Share your dilemmas and get honest opinions from other Mumsnetters.

...to feel this about cousin relationships?

300 replies

AliceAforethought · 04/03/2019 23:40

I was chatting with an acquaintance yesterday (a fellow school mum) and she mentioned that a cousin of hers was married to their own first cousin (on the other side, not related to the school mum). I may have said an apparently not too interested “Oh really?” but inside I thought “Eww!”.
The school mum laughed and said “the children seem normal... so far!”

I know it’s legal, but I can’t help but have a feeling of unease/ distaste about cousin relationships. AIBU to feel this? I read some time ago that the risks to any resultant children are not great, but then more recently that it was greater than previously thought.
The school mum clearly felt there was something a bit off about it, too!
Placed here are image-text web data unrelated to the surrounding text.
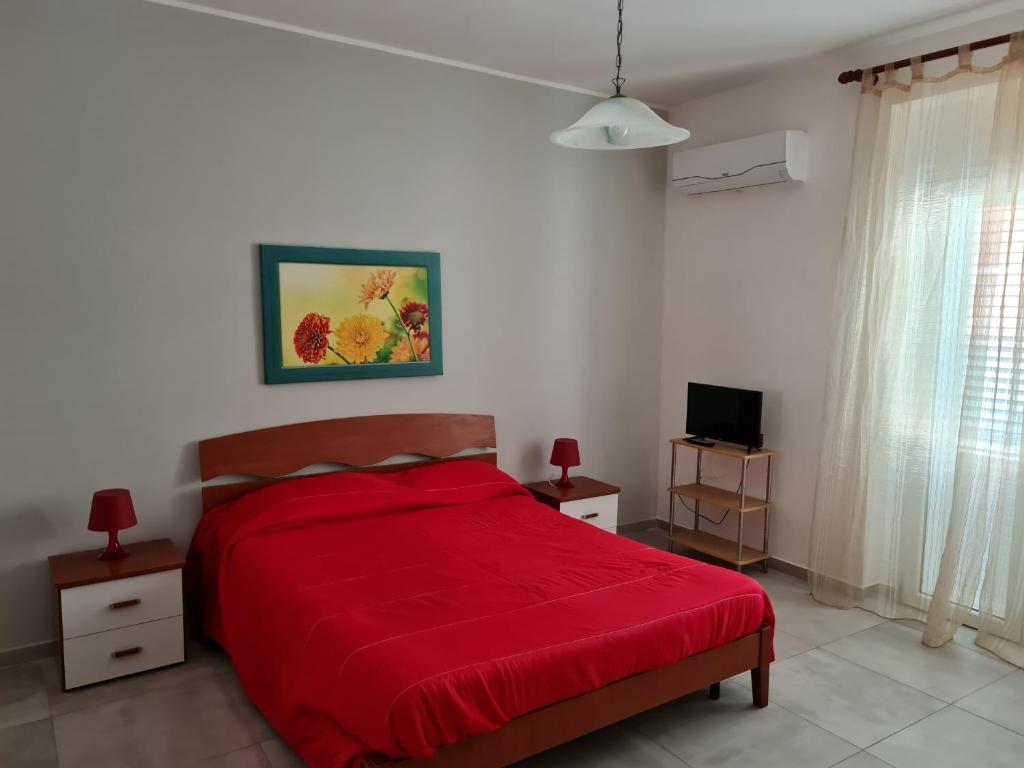 シラクーサにあるChiara Apartmentのベッドルーム(赤いベッド1台、テレビ付)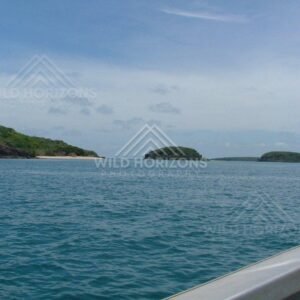 Boat view toward twin islands and sandy shoreline. Seisia, Australia.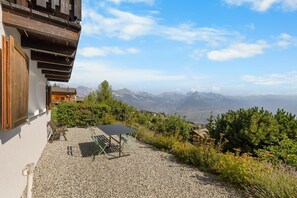 Eine Terrasse mit Tisch und Stühlen, ein Holzzaun und Blick auf Berge.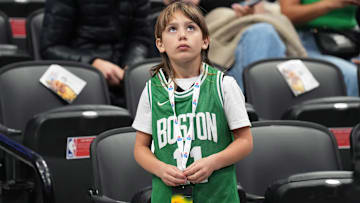 A fan looks up at the video board during the pregame warmup before a game between the Boston Celtics and the Toronto Raptors at the Scotiabank Arena.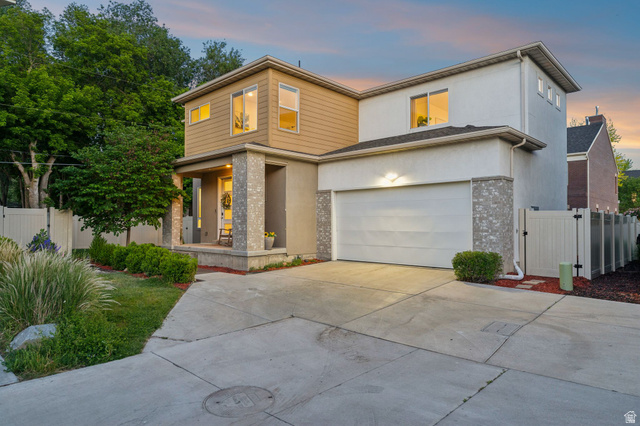 Modern architectural exterior featuring a two-car garage, covered porch with stone-clad columns, and a concrete driveway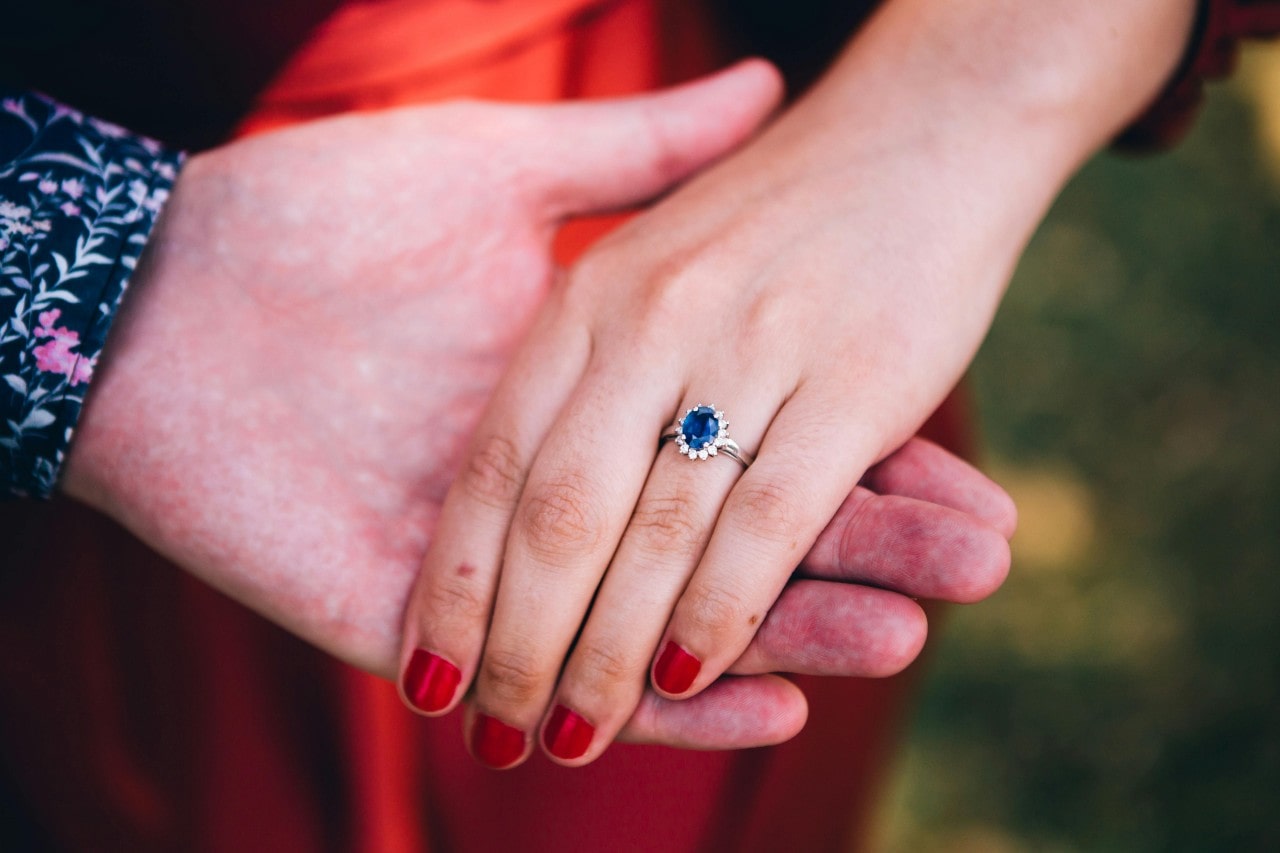 A close-up of a bride-to-be’s hand in her groom-to-be’s, adorned with a sapphire engagement ring.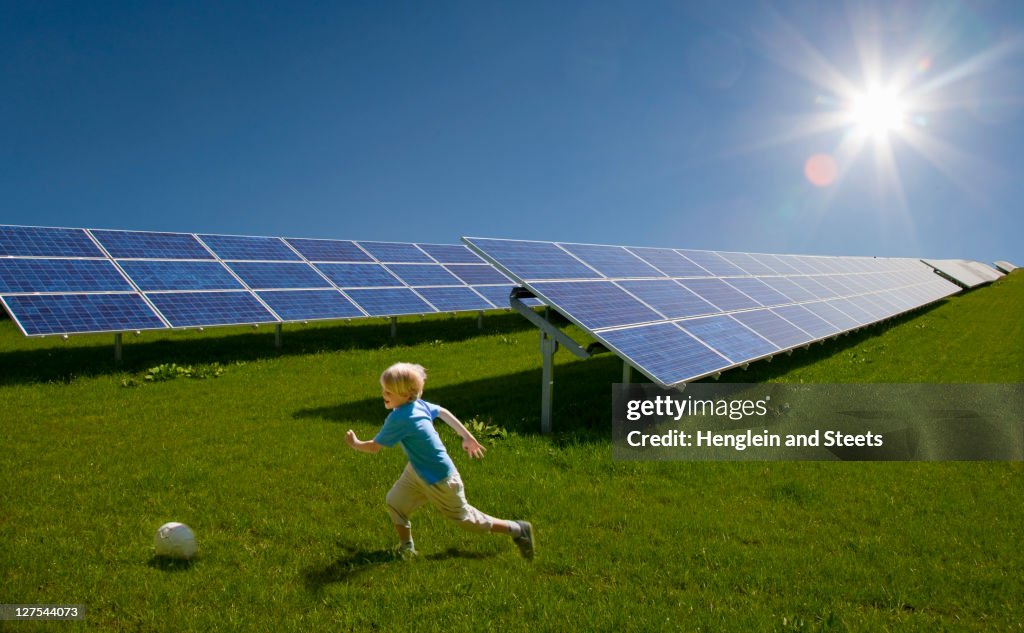 Boy playing in field by solar panels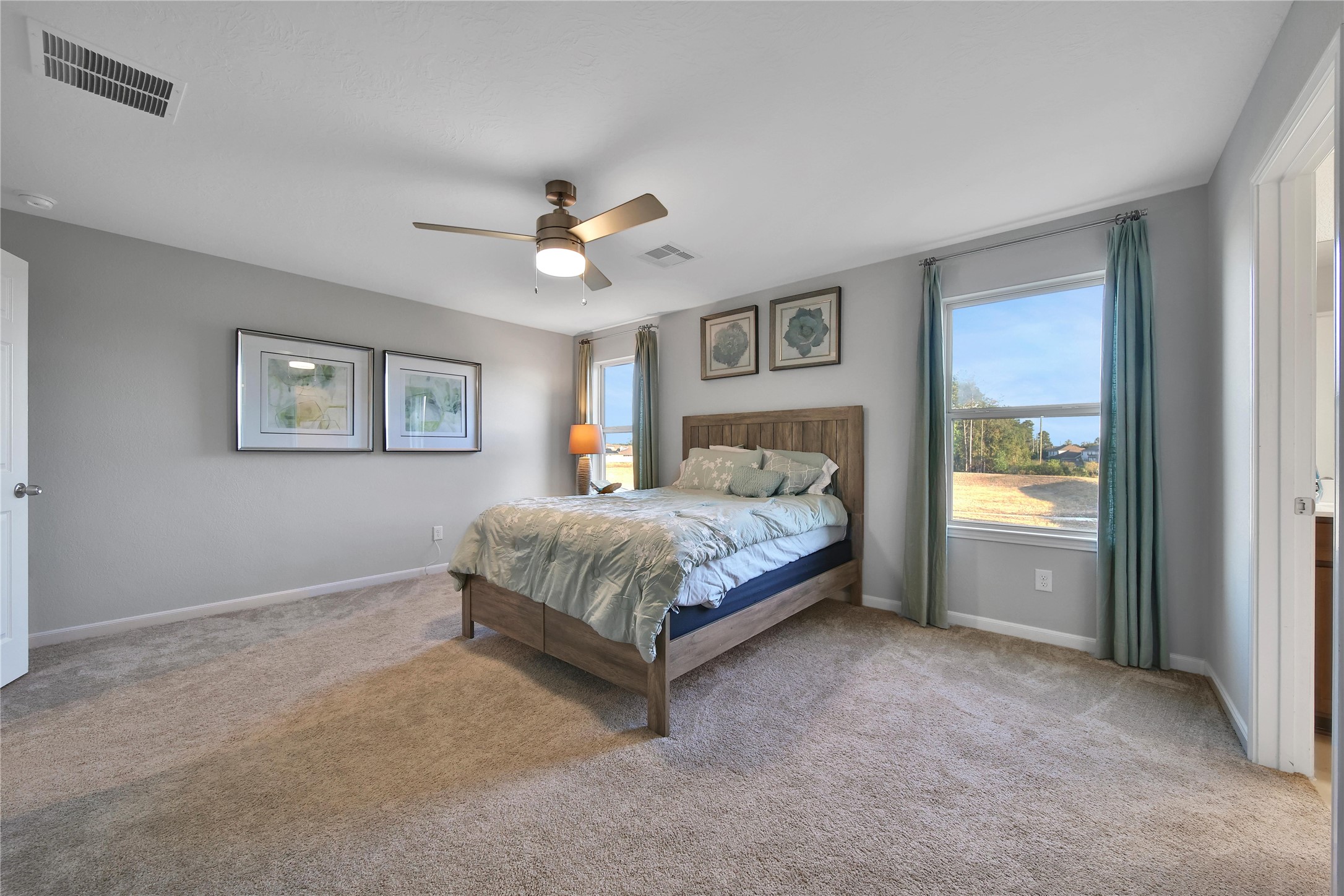 3306 Forest Chitto Dr Spring Spring, TX 77373 - Photo 19 of 35 a bedroom with a large bed and a chandelier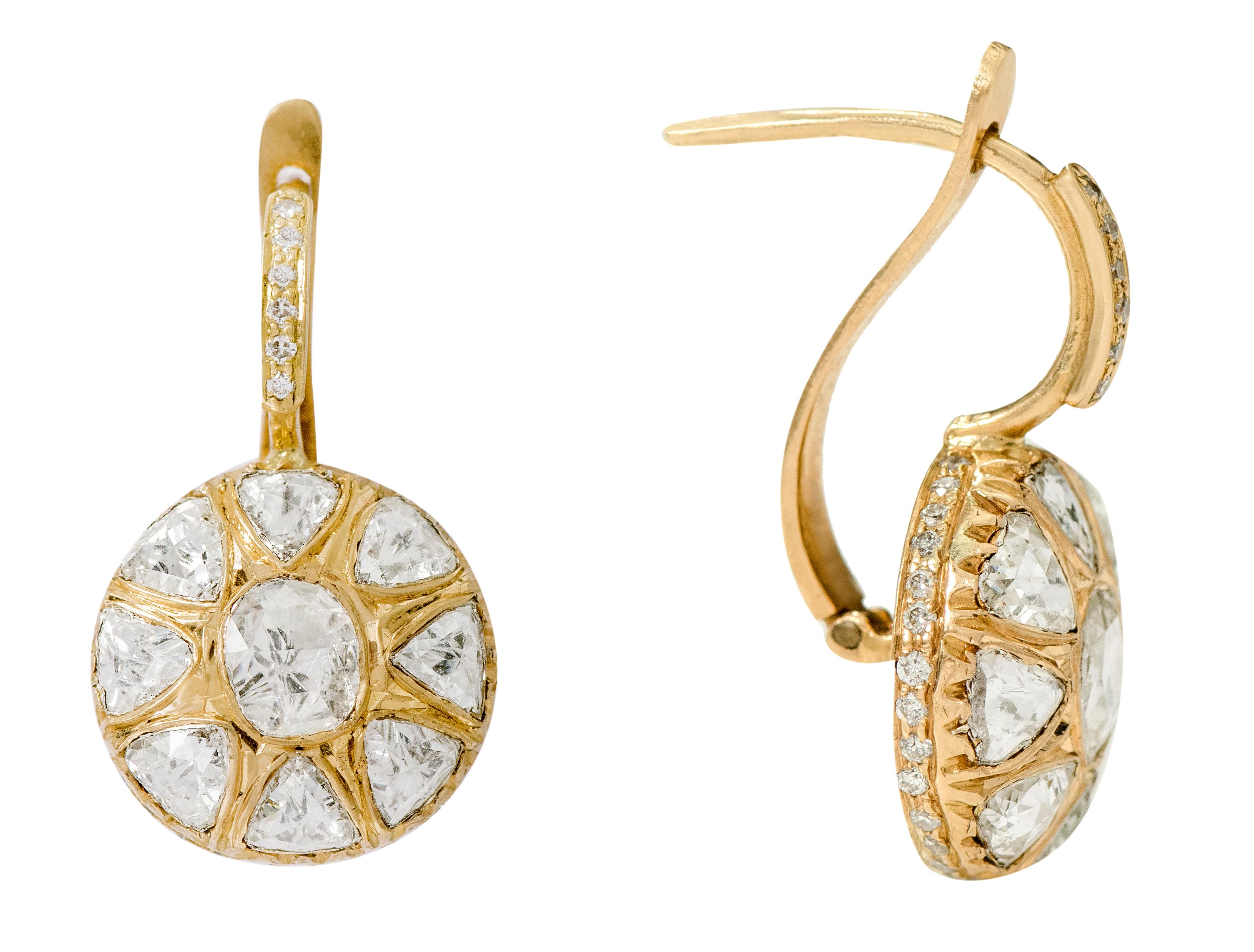 18 Karat Yellow Gold Rose-Cut Diamond Dangle Earrings in Art-Deco Style

This Victorian period art-deco style atypical rose-cut diamond earring is royal. The uneven uniquely cut matching triangle shaped rose cut diamond solitaire set in bezel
Am fully prepared to be told IABU, but wondered if others felt like this? Sleeping with a cousin just seems to have a bit of an ick factor to me!

OP posts:
AliceAforethought · 05/03/2019 22:50

This reply has been deleted

Message deleted by MNHQ. Here's a link to our Talk Guidelines.

Gone4Good · 05/03/2019 22:50

I'm sure a lot of Pakistani people are disgusted and think 'ewwww' at drunk people getting off their tits on alcohol, throwing up in the streets, costing the NHS millions in taking care of drunken injuries and shagging one night stands but I don't see them posting sneery threads about it

Drunk people and one-night stand shaggers are disgusting and people should be all sneery about it in threads one MN as I imagine they are in private.

Thurmanmurman · 05/03/2019 22:52

My BIL once had a fling with his second cousin. He’s never lived it down! I suppose the ‘ick’ factor depends on how close the family is. My first cousins (14 of them) are mainly female but of the few males, I see them more as brothers and could definitely not fancy them, let alone anything else.

Bananasarenottheonlyfruit · 05/03/2019 22:57

It used to be very common in tight knit communities, where few outsiders moved in. The village my grandparents lived in mostly consisted of people with one of two surnames, who all married amongst each other. They were all cousins in some shape or form.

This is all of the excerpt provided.